Monarch butterfly macro

Monday’s storms broke Toronto’s record for 24-hour record rainfall, leaving cars stranded, basements flooded and thousands of people without power overnight. Downstream, Lake Ontario will be dealing with the fallout for a while to come. In the Torontoist, Tyler Irving explains how this will affect lake ecology, and what infrastructure upgrades are required to handle an increase in extreme weather events.

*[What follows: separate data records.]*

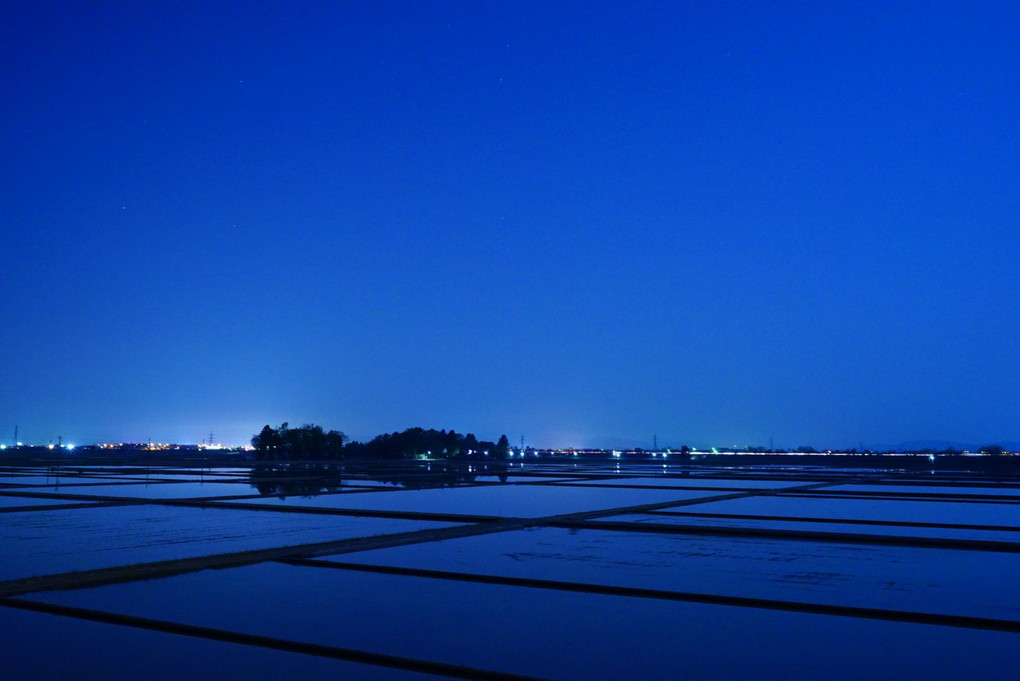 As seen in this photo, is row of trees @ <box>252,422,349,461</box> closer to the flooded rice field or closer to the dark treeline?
the dark treeline

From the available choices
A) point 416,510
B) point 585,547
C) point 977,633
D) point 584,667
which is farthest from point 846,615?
point 416,510

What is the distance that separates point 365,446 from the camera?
14900 centimetres

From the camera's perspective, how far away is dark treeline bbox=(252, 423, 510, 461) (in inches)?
4774

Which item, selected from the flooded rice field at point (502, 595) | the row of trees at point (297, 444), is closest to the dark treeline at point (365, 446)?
the row of trees at point (297, 444)

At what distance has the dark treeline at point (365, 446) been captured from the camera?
121 m

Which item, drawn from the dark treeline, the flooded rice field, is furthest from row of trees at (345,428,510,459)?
the flooded rice field

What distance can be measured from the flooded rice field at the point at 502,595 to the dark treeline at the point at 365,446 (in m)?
95.0

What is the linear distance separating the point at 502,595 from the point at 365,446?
453ft

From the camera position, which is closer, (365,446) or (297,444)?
(297,444)

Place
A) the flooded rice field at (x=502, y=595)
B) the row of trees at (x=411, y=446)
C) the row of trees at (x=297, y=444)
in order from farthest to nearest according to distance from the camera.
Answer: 1. the row of trees at (x=411, y=446)
2. the row of trees at (x=297, y=444)
3. the flooded rice field at (x=502, y=595)

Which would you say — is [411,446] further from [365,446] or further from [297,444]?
[297,444]

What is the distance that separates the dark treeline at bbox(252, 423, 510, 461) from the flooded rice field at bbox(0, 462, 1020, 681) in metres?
95.0

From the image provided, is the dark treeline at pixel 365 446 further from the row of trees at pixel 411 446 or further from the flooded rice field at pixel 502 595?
the flooded rice field at pixel 502 595

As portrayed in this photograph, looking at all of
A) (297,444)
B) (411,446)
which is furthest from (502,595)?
(411,446) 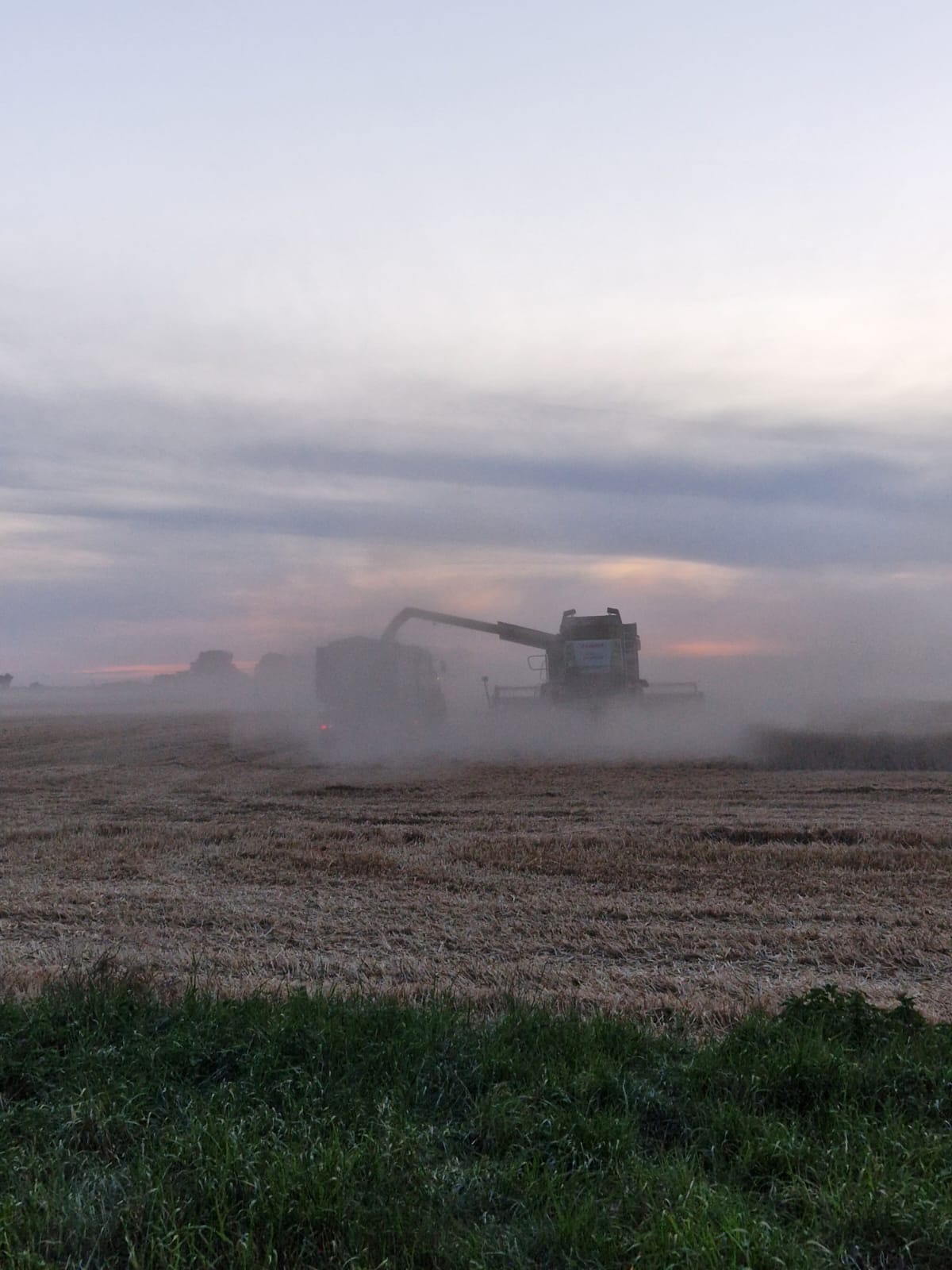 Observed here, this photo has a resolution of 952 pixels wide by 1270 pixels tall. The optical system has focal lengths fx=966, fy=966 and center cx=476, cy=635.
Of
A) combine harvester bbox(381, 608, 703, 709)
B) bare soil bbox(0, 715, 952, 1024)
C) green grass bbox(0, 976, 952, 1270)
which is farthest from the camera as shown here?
combine harvester bbox(381, 608, 703, 709)

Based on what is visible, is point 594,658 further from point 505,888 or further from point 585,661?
point 505,888

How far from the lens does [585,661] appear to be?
3133 centimetres

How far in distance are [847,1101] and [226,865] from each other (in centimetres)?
820

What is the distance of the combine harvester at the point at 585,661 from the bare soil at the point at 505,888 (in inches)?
495

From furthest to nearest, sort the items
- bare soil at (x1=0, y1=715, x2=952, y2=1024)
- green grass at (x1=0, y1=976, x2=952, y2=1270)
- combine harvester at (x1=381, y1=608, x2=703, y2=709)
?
combine harvester at (x1=381, y1=608, x2=703, y2=709), bare soil at (x1=0, y1=715, x2=952, y2=1024), green grass at (x1=0, y1=976, x2=952, y2=1270)

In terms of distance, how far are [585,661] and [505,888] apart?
2187 centimetres

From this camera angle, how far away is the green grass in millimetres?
3355

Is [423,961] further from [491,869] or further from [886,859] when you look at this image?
[886,859]

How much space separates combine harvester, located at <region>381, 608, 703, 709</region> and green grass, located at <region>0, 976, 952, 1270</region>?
84.8 ft

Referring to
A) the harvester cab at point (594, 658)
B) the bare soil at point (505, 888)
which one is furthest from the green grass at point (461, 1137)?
the harvester cab at point (594, 658)

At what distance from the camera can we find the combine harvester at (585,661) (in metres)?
31.2

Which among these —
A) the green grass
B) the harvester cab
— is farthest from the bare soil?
the harvester cab

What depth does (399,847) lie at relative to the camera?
39.9ft

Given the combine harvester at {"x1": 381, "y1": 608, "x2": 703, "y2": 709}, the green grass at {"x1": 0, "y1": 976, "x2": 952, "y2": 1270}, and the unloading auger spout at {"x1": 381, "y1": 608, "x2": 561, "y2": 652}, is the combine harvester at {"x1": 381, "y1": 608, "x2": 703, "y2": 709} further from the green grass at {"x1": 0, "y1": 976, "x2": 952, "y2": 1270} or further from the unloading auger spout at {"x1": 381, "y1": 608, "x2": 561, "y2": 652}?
the green grass at {"x1": 0, "y1": 976, "x2": 952, "y2": 1270} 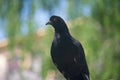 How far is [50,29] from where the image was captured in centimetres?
371

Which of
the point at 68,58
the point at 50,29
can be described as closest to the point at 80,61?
the point at 68,58

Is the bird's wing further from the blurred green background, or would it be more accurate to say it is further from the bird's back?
the blurred green background

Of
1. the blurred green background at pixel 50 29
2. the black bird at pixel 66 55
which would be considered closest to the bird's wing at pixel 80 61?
the black bird at pixel 66 55

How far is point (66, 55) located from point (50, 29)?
3.01 metres

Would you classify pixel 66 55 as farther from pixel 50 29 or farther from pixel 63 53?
pixel 50 29

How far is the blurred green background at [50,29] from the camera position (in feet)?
11.7

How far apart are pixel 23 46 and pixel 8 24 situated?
0.23 meters

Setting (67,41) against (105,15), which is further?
(105,15)

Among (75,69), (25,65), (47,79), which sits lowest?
(75,69)

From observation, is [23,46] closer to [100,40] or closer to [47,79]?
[47,79]

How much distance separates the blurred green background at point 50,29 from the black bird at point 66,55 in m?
2.77

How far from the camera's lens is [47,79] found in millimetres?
3580

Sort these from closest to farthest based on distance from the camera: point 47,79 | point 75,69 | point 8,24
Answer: point 75,69 < point 47,79 < point 8,24

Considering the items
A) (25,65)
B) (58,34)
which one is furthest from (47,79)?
(58,34) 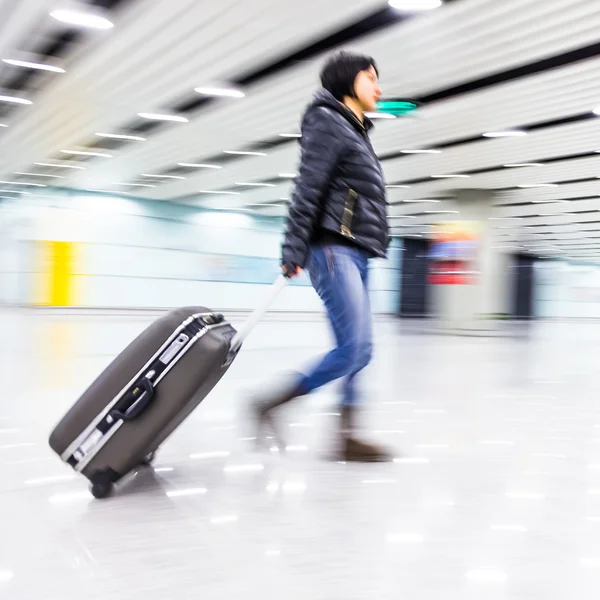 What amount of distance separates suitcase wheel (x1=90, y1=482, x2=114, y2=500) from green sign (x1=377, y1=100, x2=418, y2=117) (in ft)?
29.7

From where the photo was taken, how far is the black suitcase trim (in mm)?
2250

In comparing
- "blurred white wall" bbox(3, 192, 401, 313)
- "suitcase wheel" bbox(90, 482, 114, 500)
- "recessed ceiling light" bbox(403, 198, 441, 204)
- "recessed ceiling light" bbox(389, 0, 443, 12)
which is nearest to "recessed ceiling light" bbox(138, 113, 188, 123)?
"recessed ceiling light" bbox(389, 0, 443, 12)

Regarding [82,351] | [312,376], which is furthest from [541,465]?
[82,351]

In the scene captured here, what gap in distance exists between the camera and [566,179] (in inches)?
647

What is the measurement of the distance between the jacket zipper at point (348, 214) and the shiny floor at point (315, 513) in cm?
99

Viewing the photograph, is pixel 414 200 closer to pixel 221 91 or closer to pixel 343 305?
pixel 221 91

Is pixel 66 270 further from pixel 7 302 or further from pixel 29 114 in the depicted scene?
pixel 29 114

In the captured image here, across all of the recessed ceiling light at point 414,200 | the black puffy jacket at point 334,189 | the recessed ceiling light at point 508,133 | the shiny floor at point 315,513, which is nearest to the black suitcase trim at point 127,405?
the shiny floor at point 315,513

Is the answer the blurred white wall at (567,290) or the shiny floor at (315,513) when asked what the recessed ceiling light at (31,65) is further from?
the blurred white wall at (567,290)

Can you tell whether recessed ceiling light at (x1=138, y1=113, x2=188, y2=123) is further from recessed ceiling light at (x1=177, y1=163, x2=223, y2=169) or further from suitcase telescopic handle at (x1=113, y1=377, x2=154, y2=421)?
suitcase telescopic handle at (x1=113, y1=377, x2=154, y2=421)

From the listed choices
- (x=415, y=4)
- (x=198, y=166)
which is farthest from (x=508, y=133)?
(x=198, y=166)

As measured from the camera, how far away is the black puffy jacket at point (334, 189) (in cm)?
271

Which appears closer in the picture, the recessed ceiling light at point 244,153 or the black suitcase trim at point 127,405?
the black suitcase trim at point 127,405

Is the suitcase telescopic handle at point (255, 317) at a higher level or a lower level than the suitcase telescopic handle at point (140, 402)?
higher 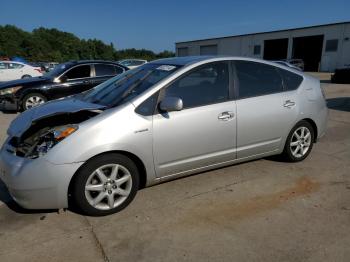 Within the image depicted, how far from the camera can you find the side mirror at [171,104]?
3.36m

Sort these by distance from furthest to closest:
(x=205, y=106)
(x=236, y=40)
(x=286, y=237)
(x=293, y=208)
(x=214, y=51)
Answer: (x=214, y=51) → (x=236, y=40) → (x=205, y=106) → (x=293, y=208) → (x=286, y=237)

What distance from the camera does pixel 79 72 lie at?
8.98 m

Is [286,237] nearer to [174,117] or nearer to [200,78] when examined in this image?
[174,117]

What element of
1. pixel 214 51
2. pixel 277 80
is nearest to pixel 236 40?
pixel 214 51

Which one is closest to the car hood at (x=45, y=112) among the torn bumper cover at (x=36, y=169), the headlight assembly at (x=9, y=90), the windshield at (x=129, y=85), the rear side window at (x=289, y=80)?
the torn bumper cover at (x=36, y=169)

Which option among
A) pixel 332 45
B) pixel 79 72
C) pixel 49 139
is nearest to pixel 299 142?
pixel 49 139

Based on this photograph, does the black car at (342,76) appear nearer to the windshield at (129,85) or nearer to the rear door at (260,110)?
the rear door at (260,110)

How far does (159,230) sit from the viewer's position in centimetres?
305

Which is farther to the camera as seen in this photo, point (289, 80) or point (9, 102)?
point (9, 102)

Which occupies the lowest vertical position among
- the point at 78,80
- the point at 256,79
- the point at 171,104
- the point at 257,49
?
the point at 257,49

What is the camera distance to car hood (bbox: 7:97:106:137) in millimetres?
3471

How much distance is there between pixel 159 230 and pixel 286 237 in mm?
1160

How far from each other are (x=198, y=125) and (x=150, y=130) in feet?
1.94

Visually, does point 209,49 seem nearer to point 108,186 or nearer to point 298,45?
point 298,45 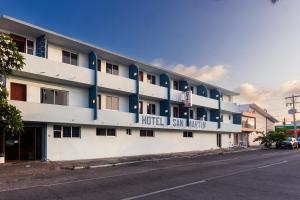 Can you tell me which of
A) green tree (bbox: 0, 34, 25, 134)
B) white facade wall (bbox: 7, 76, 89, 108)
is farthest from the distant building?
green tree (bbox: 0, 34, 25, 134)

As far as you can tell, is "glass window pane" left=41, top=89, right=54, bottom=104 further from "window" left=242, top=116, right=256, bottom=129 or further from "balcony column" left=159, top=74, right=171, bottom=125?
"window" left=242, top=116, right=256, bottom=129

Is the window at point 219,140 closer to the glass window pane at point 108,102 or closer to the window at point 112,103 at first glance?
the window at point 112,103

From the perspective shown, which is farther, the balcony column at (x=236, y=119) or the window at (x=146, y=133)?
the balcony column at (x=236, y=119)

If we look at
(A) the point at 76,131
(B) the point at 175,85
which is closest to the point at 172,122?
(B) the point at 175,85

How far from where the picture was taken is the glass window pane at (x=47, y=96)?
23.2m

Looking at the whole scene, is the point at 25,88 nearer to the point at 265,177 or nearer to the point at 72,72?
the point at 72,72

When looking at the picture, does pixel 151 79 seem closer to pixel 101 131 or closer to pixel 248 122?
pixel 101 131

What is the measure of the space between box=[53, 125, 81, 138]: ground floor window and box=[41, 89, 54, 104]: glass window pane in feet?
6.15

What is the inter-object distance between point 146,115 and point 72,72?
368 inches

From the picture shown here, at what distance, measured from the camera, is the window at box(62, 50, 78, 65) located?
25283 mm

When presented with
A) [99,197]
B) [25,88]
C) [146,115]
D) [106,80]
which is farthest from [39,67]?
[99,197]

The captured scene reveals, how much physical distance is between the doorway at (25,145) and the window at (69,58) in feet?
18.8

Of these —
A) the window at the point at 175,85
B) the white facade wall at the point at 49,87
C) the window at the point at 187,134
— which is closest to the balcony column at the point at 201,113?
the window at the point at 187,134

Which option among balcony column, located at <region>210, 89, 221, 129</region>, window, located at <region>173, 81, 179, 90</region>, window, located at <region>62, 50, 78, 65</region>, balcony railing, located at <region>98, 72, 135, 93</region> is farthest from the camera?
balcony column, located at <region>210, 89, 221, 129</region> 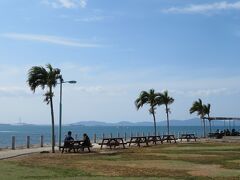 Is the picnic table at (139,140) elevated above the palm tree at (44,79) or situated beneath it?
situated beneath

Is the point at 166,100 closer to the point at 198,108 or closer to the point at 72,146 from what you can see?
the point at 198,108

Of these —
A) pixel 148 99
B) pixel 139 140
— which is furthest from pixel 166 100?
pixel 139 140

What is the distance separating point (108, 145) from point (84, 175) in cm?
1981

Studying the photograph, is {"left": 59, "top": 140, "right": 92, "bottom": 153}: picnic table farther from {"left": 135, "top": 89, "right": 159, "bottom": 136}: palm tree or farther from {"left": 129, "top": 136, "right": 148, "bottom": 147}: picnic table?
{"left": 135, "top": 89, "right": 159, "bottom": 136}: palm tree

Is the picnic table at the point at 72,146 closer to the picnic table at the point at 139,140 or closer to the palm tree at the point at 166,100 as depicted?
the picnic table at the point at 139,140

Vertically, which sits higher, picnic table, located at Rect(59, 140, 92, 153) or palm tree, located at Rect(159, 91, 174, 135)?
palm tree, located at Rect(159, 91, 174, 135)

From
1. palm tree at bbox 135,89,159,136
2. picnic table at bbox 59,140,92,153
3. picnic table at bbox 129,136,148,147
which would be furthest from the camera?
palm tree at bbox 135,89,159,136

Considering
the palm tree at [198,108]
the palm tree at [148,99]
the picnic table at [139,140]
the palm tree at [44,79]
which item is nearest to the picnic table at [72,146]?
the palm tree at [44,79]

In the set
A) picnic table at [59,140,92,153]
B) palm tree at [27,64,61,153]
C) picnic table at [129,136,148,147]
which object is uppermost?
palm tree at [27,64,61,153]

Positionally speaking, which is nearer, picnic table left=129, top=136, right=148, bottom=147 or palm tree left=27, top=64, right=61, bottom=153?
palm tree left=27, top=64, right=61, bottom=153

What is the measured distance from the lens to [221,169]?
20531 millimetres

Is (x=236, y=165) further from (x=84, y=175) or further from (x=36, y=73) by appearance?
(x=36, y=73)

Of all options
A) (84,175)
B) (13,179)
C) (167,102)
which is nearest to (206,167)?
(84,175)

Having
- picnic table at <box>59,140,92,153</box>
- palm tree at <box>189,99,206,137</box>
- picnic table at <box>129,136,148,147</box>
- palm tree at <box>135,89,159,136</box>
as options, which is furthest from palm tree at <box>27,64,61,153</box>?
palm tree at <box>189,99,206,137</box> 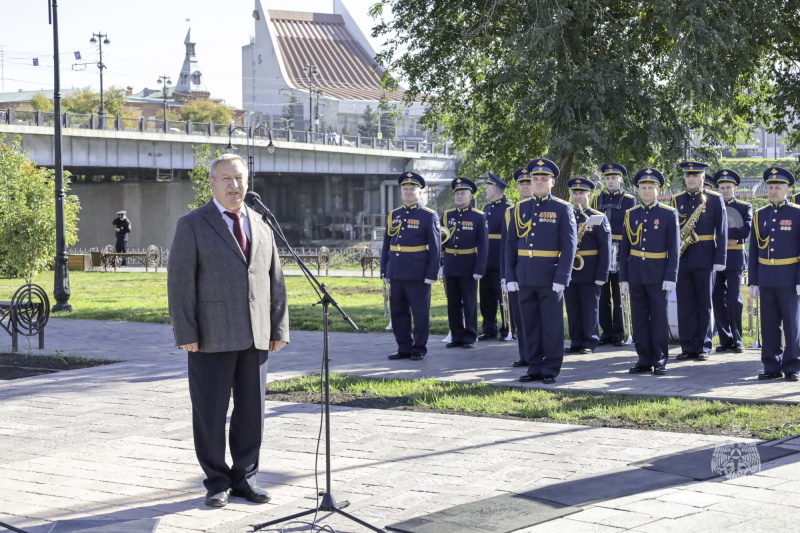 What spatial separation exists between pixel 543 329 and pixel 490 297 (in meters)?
3.97

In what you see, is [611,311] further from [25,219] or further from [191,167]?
[191,167]

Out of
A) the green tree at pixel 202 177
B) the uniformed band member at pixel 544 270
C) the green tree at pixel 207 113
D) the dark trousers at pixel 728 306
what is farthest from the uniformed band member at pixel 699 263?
the green tree at pixel 207 113

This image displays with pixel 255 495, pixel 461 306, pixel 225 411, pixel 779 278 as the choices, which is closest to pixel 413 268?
pixel 461 306

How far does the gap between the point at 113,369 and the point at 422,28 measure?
11.8 meters

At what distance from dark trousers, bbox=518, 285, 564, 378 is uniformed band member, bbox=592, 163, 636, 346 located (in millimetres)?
3068

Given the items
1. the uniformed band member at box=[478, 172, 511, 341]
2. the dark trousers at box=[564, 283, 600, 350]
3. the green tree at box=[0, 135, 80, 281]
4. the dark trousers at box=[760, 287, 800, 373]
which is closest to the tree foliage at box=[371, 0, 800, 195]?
the uniformed band member at box=[478, 172, 511, 341]

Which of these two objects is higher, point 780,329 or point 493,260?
point 493,260

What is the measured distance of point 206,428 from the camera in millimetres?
6164

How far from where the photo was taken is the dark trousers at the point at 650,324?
11.0m

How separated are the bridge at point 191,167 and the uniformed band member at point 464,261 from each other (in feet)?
42.7

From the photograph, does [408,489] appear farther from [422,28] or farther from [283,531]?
[422,28]

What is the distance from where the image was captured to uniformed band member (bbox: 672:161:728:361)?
1224 cm

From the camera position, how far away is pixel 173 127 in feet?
171

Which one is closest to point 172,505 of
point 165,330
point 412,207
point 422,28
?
point 412,207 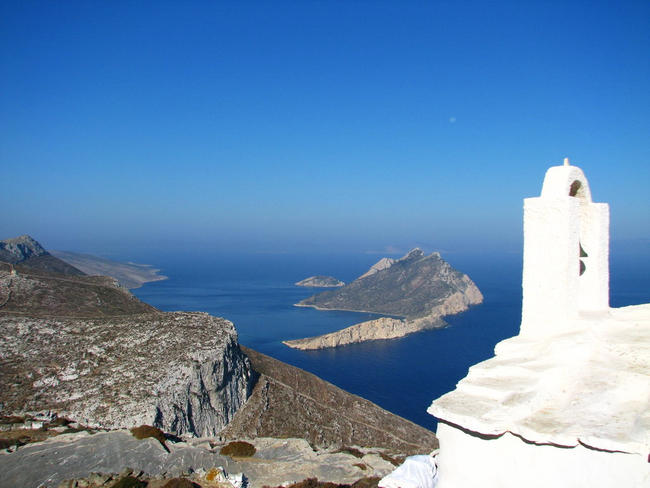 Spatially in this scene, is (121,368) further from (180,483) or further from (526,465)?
(526,465)

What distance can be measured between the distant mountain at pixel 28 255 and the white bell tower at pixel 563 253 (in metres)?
90.1

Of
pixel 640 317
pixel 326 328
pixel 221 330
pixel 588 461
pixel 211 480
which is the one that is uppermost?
pixel 640 317

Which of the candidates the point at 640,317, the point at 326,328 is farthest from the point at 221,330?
the point at 326,328

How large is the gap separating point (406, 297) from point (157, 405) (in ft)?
401

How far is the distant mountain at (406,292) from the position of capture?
130125mm

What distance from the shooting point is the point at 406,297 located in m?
137

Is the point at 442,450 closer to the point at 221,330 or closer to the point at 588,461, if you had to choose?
the point at 588,461

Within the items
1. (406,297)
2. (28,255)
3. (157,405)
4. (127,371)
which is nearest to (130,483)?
(157,405)

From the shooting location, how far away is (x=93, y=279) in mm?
39469

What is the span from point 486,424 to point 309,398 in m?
20.2

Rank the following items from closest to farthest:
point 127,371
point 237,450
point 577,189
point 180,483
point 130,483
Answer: point 577,189 < point 130,483 < point 180,483 < point 237,450 < point 127,371

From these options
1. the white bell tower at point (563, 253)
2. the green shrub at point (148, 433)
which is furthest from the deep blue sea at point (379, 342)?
the white bell tower at point (563, 253)

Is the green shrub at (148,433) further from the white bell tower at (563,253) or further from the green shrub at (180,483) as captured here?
the white bell tower at (563,253)

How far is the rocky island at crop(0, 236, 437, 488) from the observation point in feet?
48.6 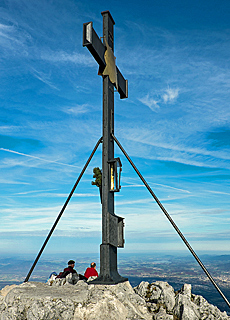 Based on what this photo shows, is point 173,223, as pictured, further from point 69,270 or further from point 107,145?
point 69,270

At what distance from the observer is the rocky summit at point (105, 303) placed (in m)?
7.97

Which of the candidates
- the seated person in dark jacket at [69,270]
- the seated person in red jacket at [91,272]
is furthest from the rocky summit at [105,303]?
the seated person in red jacket at [91,272]

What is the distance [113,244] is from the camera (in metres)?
10.6

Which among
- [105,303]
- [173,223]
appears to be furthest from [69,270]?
[173,223]

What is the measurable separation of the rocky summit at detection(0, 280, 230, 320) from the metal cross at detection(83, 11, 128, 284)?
814mm

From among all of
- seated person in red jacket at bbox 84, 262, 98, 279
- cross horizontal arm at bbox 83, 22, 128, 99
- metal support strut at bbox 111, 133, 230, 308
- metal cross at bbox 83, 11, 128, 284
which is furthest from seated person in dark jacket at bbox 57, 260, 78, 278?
cross horizontal arm at bbox 83, 22, 128, 99

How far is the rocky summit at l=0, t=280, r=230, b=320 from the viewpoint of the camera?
7.97 metres

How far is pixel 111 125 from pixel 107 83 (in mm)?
1659

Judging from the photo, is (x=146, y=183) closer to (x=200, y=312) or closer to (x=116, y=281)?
(x=116, y=281)

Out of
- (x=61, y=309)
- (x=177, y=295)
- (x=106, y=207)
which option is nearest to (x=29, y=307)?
(x=61, y=309)

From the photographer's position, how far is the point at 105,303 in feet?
27.3

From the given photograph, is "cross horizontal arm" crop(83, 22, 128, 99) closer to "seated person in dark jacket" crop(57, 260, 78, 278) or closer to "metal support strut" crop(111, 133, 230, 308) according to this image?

Do you ever get a weak feeling in your loins when you are scared? Maybe that is what happens to hawkmoths when they are about to get eaten. But their squeaky genitals actually make sounds that can save their lives. A study of hawkmoths in Biology Letters explains that they evolved sexual squeaking to communicate with their mates (see and hear a video of noisy moth bits). However, the sound also comes in handy whenever a bat flies in for the kill. A little genital squeak confuses the bat’s echolocation (or appetite?).

Staying with lepidoptera, have you missed the arrival of monarch butterflies this summer in Ontario and other parts of the northeast? Their numbers are at an all-time low, CBC News reports. A cold spring in the Texas corn belt and failure of the milkweed crop, on which monarch caterpillars feed, may be to blame for the failure of a butterfly generation moving north. As if these amazing continental migrants needed any more problems. Is this a shadow of Flight Behavior?

It is not news that global warming is expected to increase hurricane intensity and frequency (Mongabay.com) and create bigger, fiercer wildfires (Huffington Post). But desert greening? According to a report in Geophysical Research Letters, satellite images from 1982 to 2010 showed an 11 percent increase in green foliage cover across the world’s arid environments as a result of increased CO2 in the atmosphere. While this might seem like a good thing, scientists are concerned about negative secondary effects, such as loss of desert species (see sci-news.com).

Meanwhile, the oceans are under siege:

  • A study in Proceedings of the Royal Society shows how blue whales react to simulated military sonar: they stop feeding and swim quickly away. Duh!
  • Rod Fujita in LiveScience argues that the harvest of fish and invertebrates for aquariums needs to be managed as a commercial fishery before coral reef biodiversity is ruined.
  • Which may be moot without aggressive reduction in CO2 emissions. A new study in Environmental Research Papers supports the argument that carbonic acid could kill all existing coral reefs by the end of this century.
  • Nature Geoscience warns that climate change may also disrupt marine food webs by selecting against nitrogen-fixing bacteria that form the base of the food chain.

Speaking of water hazards, golf courses are seldom considered environment-friendly. However, a well-managed course can help conserve critical habitat. According to a study quoted in National Geographic news, golf course ponds may support an even higher diversity of turtle species than is found in farm ponds or city parks. Fore!


Comments

Nature news roundup July 12 2013 — 2 Comments

  1. “Noisy moth bits.” *snicker* Sounds like the name of some weird backyard band. Levity aside, I’ve seen few bees and fewer butterflies, let alone monarchs. A few days ago, in the downtown zone of the other Twin City, around midnight, some panicked fool called emergency/911 because a swarm of bees was observed in a tree. Cops came, looked, and called the fire department, who then doused the swarm with fire retardant chemicals, killing 25-30,000 honeybees. *facepalm* And get this: this is Standard Operating Procedure!

    What can be said of such stupidity?